Do you find yourself not wanting to be involved in a disagreement? Maybe you should think again!
Disagreements are inevitable, but that doesn’t mean they have to be destructive. We often learn how to navigate conflict by actually having one. In fact, we spend almost 2.1 hours of our working week resolving disagreements. (1) This, as we all know, can be unpleasant. We’re here to show you that disagreements don’t have to be uncomfortable.
Productive disagreements are so important because they can be a catalyst for our growth. When we engage in respectful debates, share diverse viewpoints, and challenge established norms, we are exploring new ideas and perspectives that might otherwise remain hidden to us. Through these constructive dialogues, weaknesses in individual opinions can be identified and rectified, while strengths are supported and confirmed.
This process encourages critical thinking, fosters creative problem-solving, and fosters an environment where collaboration and open-mindedness thrive. Ultimately, it’s through these interactions that societies, organisations, and individuals evolve, ensuring progress while respecting opinions that are different from our own.
So, what route do our disagreement conversations need to take to ensure they are productive? How do we use these conversations to grow and better ourselves?
Active Listening: We need to begin by fully understanding the other person’s viewpoint. This looks like:
- Listening attentively
- Asking clarifying questions and
- Acknowledge their perspective.
This demonstrates respect for their opinions and shows that you’re genuinely interested in understanding their point of view. It’s also an important skill, especially when our mind wanders 50% of the time, as research suggests. (2)
While you are listening, you are also seeking to find common ground. Acknowledging commonalities helps create a positive atmosphere and establishes a foundation for the conversation. Keep your emotions in check and maintain a calm and respectful demeanour throughout the conversation.
Choose Your Words Carefully: The use of specific words in sensitive situations can trigger automatic, and unexpected responses in the other person, which hinders productive dialogue. (3) When expressing an alternate view (your disagreement), use respectful language and avoid sounding confrontational. Frame your points in a way that focuses on the ideas rather than attacking the person.
For example, “I see where you’re coming from, and I have a slightly different perspective on this.” Using “I” statements will emphasise your personal viewpoint, rather than making it seem like an absolute truth by saying alternatively, “this is how it is.”
Provide Evidence or Examples: Your words are not gospel, but they do need to have weight.
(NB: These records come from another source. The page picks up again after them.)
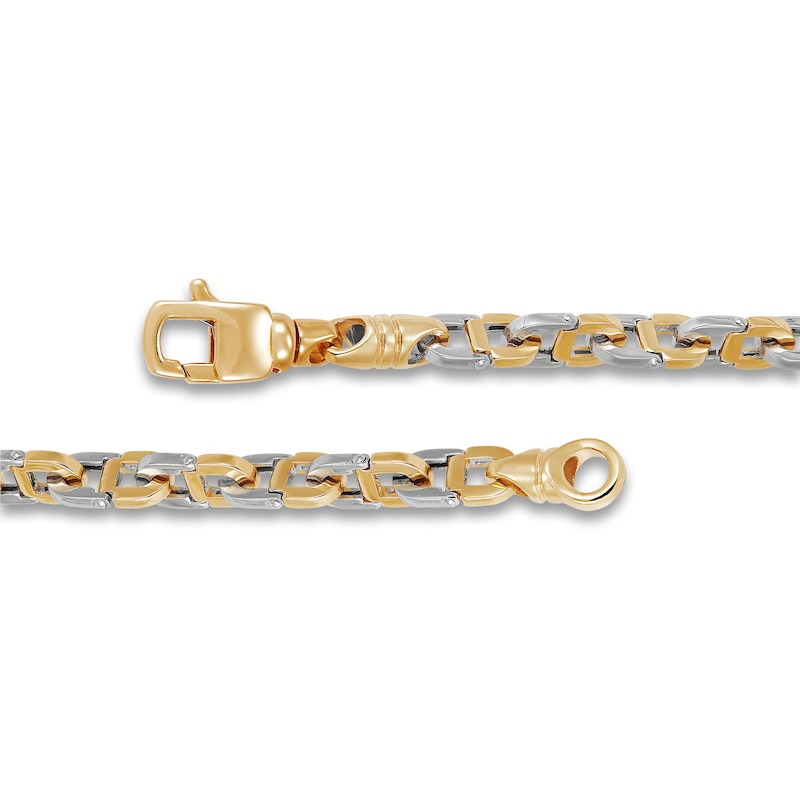 LUSSO by Italia D'Oro Men's Mariner Link Bracelet 14K Two-Tone Gold 8.25"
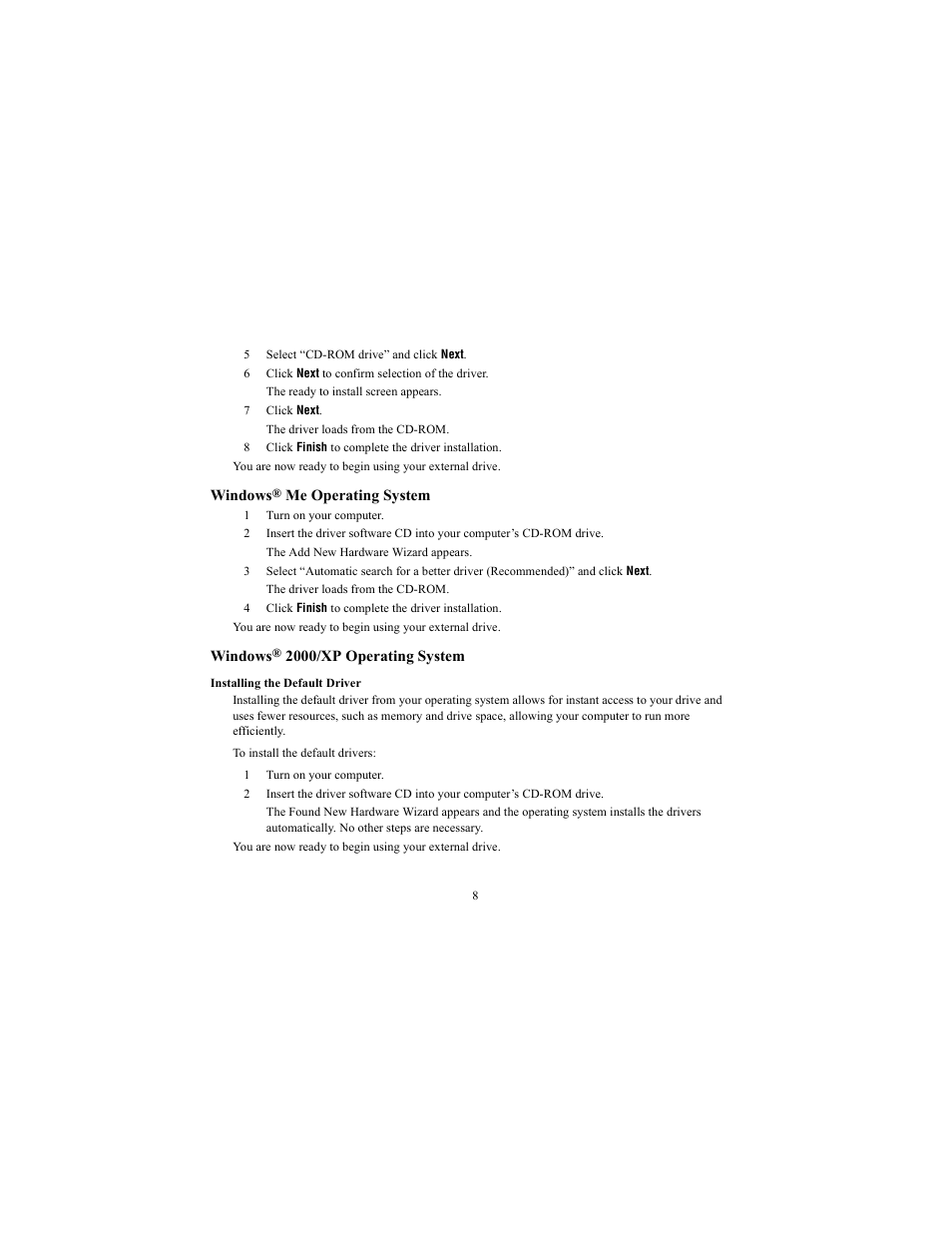 Windows® me operating system, Windows® 2000/xp operating system | Targus NOTEWORTHY 400-0084-001A User Manual | Page 8 / 19
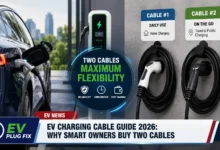 Modern EV charging cable connected to electric vehicle charging port outdoor setup 2026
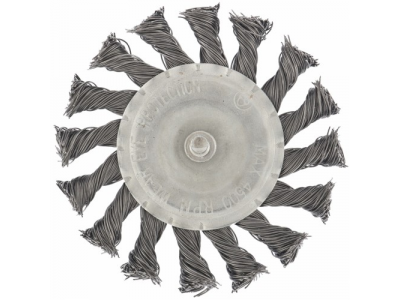 Щетка для дрели, 100 мм, плоская со шпилькой, крученая металлическая проволока // MATRIX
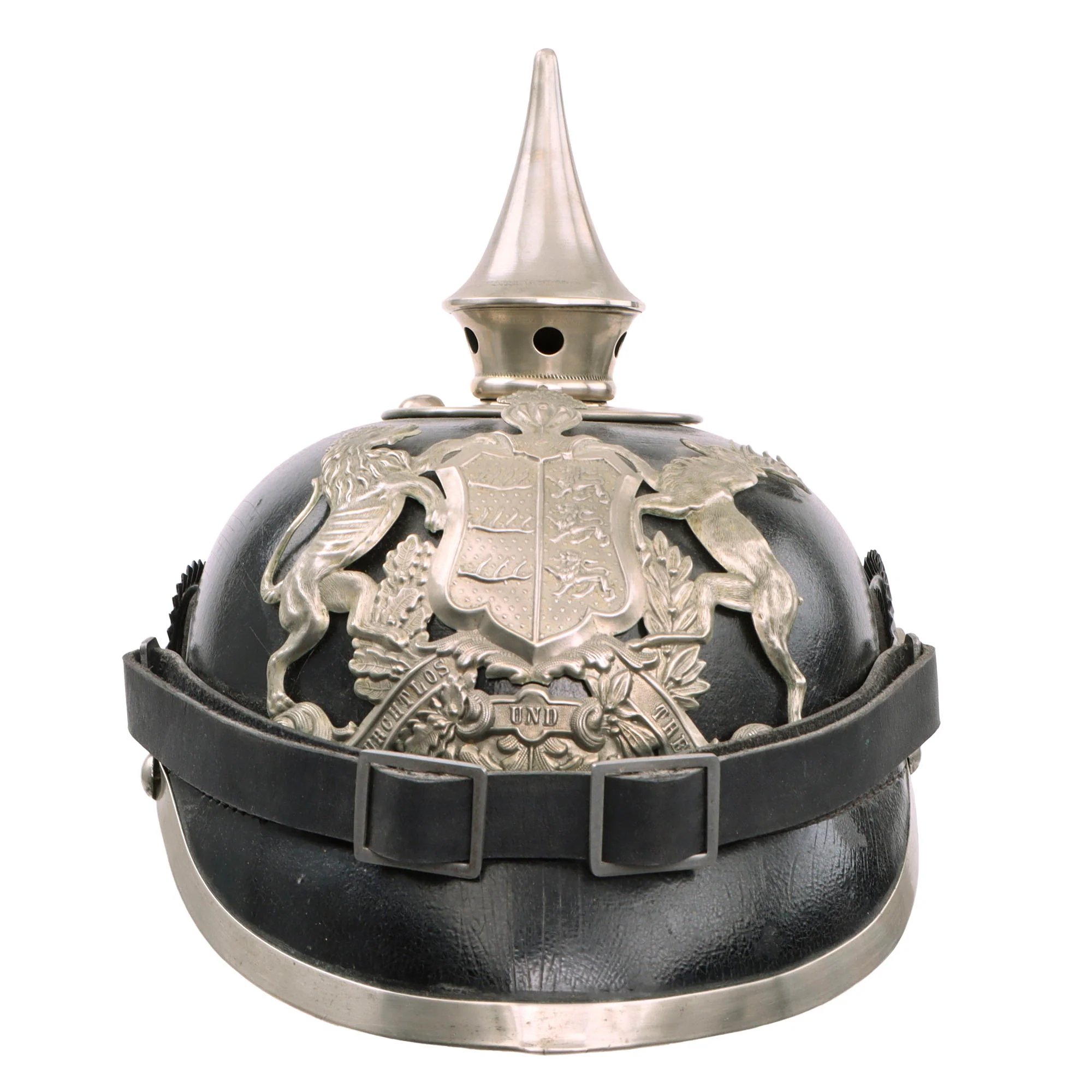 Original German WWI Kingdom of Württemberg M1891 Silver Pioneer EM/NCO Pickelhaube Spiked Helmet with Original Cockades - Size 54 — image 2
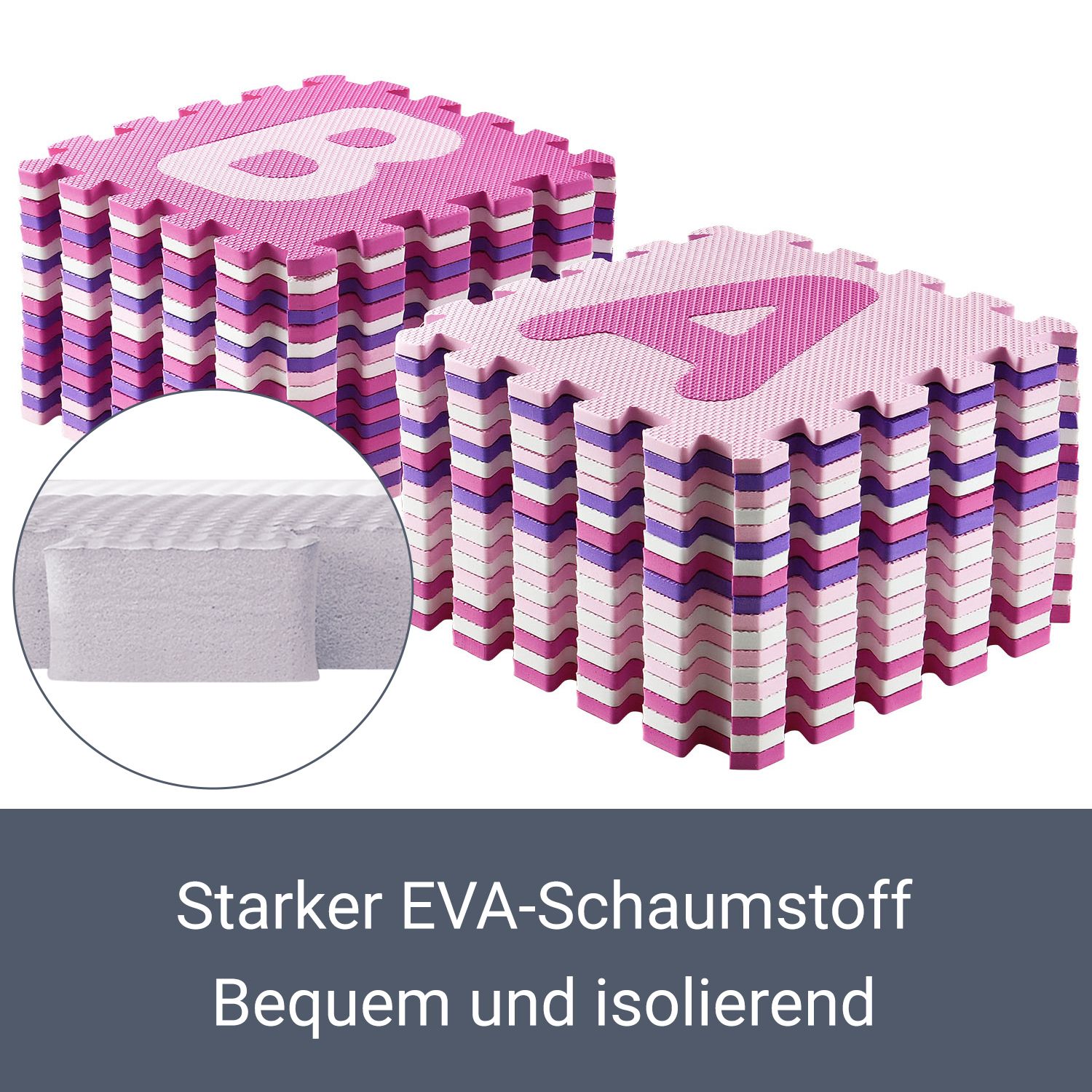 Juskys Kinder Puzzlematte Juna 36 Teile mit Buchstaben & Zahlen - rutschfest – rosa für Mädchen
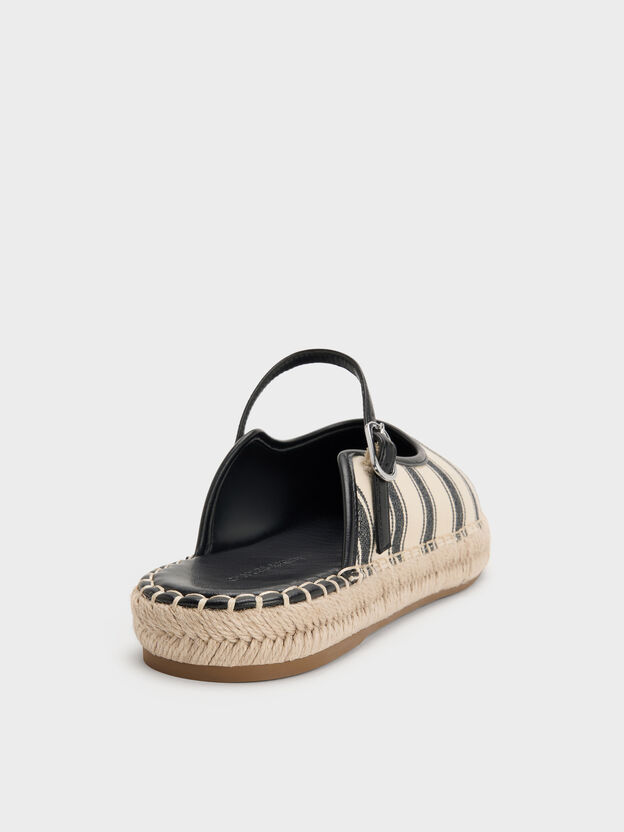 Striped Mary Jane Espadrille Mules, Black Textured, hi-res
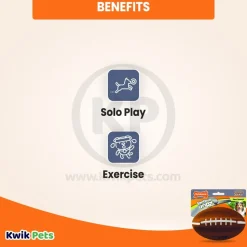 Nylabone Power Play Football Gripz Dog Toy Medium/Wolf - Up To 35 lbs 5.5-in
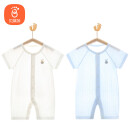 贝瑞加（Babyprints）婴儿连体衣2件夏季短袖婴儿衣服新生儿纯棉哈衣轻薄爬服 白蓝59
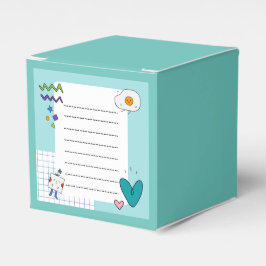 Vierkante Schattigee Doodle Cartoon Memo Notities Bedankdoosjes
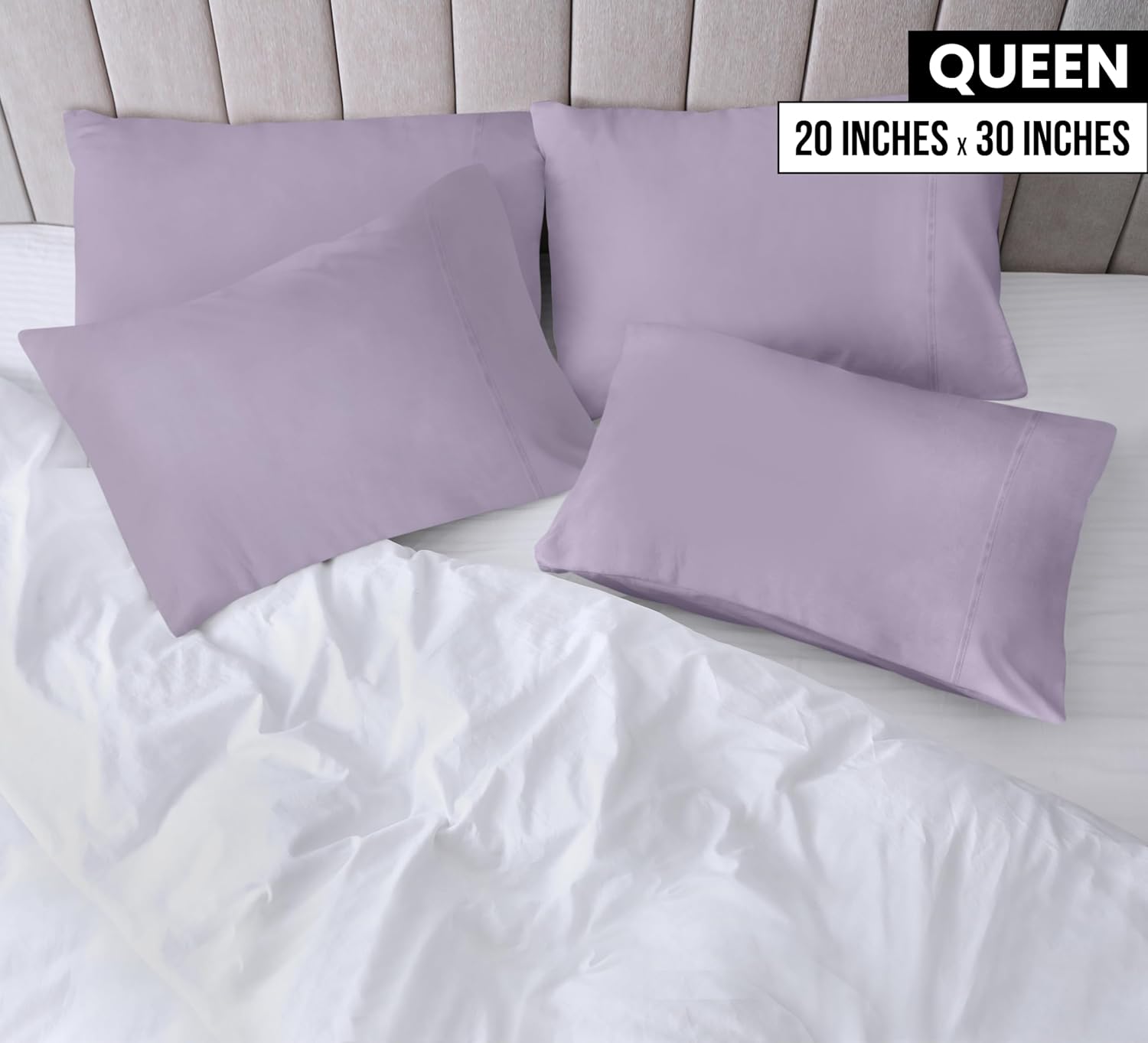 Utopia Bedding Queen Pillow Cases - 4 Pack Soft Brushed Microfiber | Fade Resistant 20 x 30 Inches (Lavender)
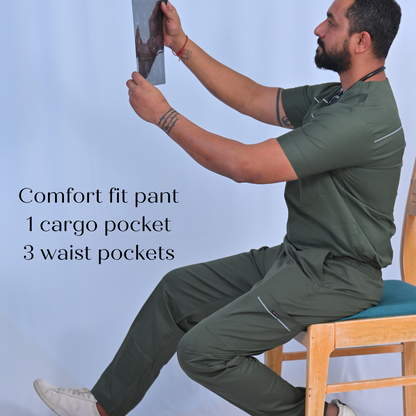 men medical uniform green stretchable cotton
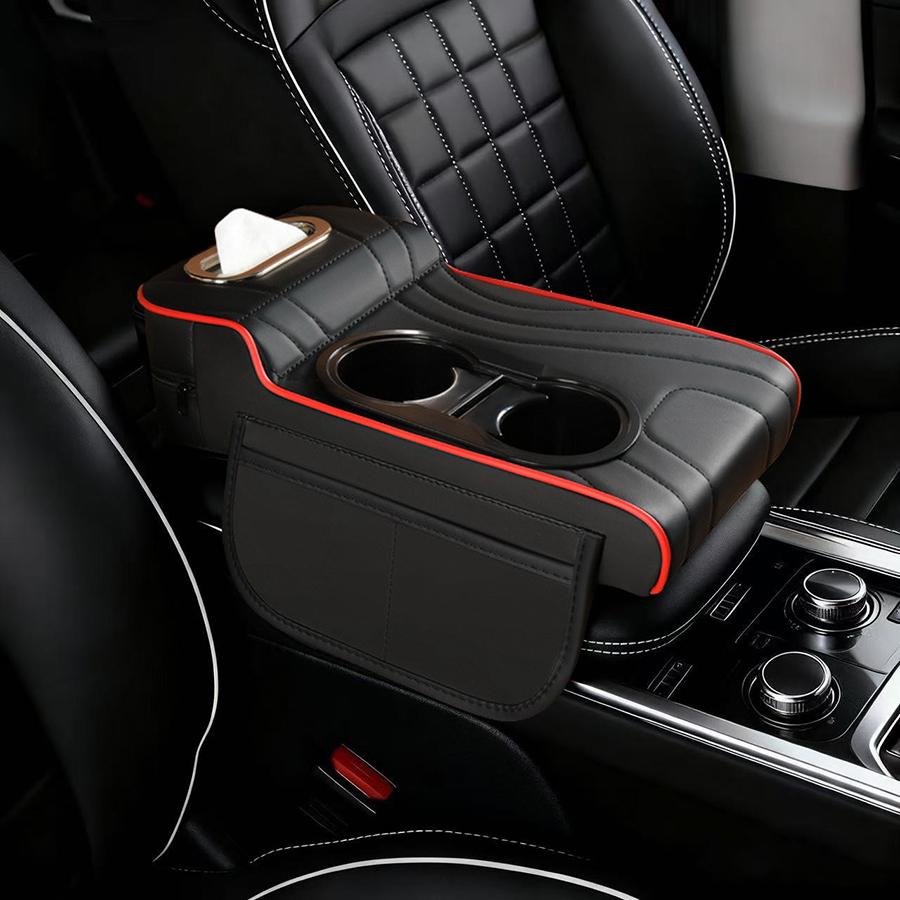Car Center Console Armrest Box Cushion Pad with Dual Cup Holder Tissue Box Storage Organizer Accessories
You should back up your perspective with facts, data or examples which support your viewpoint. Providing examples demonstrates that you’re not simply disagreeing for the sake of it, but rather that you have a valid response about the issue.
While you’re supporting your position, you also need to refer to their viewpoint as a resource. It’s important that you respect their opinion by acknowledging its validity. The best way to do this is to ask questions. For instance, “I can really see where you’re coming from with this, and I agree with this part – but could you clarify this for me?”
Be Receptive: Encourage further discussion by asking open-ended questions that prompt the other person to explain their viewpoint in more detail. Actively engaging in the conversation helps to uncover potential misunderstandings and allows you to address them constructively.
Once you’re clear on their position, you can begin to offer an alternative solution or perspective that bridges the gap between your viewpoints. This showcases your willingness to find common ground and move toward a solution. Being flexible and respectful to the other person, this can ultimately lead to progress.
Focus on the Issue, Not the Person: Keep the conversation centred on the topic at hand and avoid making personal attacks. Remember that the goal is to find the best solution, not to win an argument. Conflict doesn’t always need to be resolved in an argumentative or divisive way.
Everybody wants to feel heard. Before finishing the conversation, summarise the key points to ensure both parties are on the same page. This also gives you an opportunity to clarify any misunderstandings. Regardless of the outcome, express gratitude for the opportunity to have the discussion. This leaves a positive impression and sets the tone for future interactions.
Mastering the art of productive disagreement is an invaluable skill. Disagreements are a natural part of life, but they don’t have to be destructive or uncomfortable. Productive disagreements are valuable because they fuel our growth, innovation, and understanding.
By engaging in respectful debates, we uncover new ideas, strengthen individual views, and foster critical thinking. These interactions drive progress and respect for diverse opinions.
- Baruffati, A.A. (2023) Workplace conflict statistics 2023: Costs & Outcomes. Available at: https://blog.gitnux.com/workplace-conflict-statistics/#:~:text=Globally%2C%20the%20average%20time%20employees,their%20time)%20solving%20work%20conflicts. (Accessed: 04 September 2023).
- A wandering mind is an unhappy mind | science. Available at: https://www.science.org/doi/10.1126/science.1192439 (Accessed: 04 September 2023).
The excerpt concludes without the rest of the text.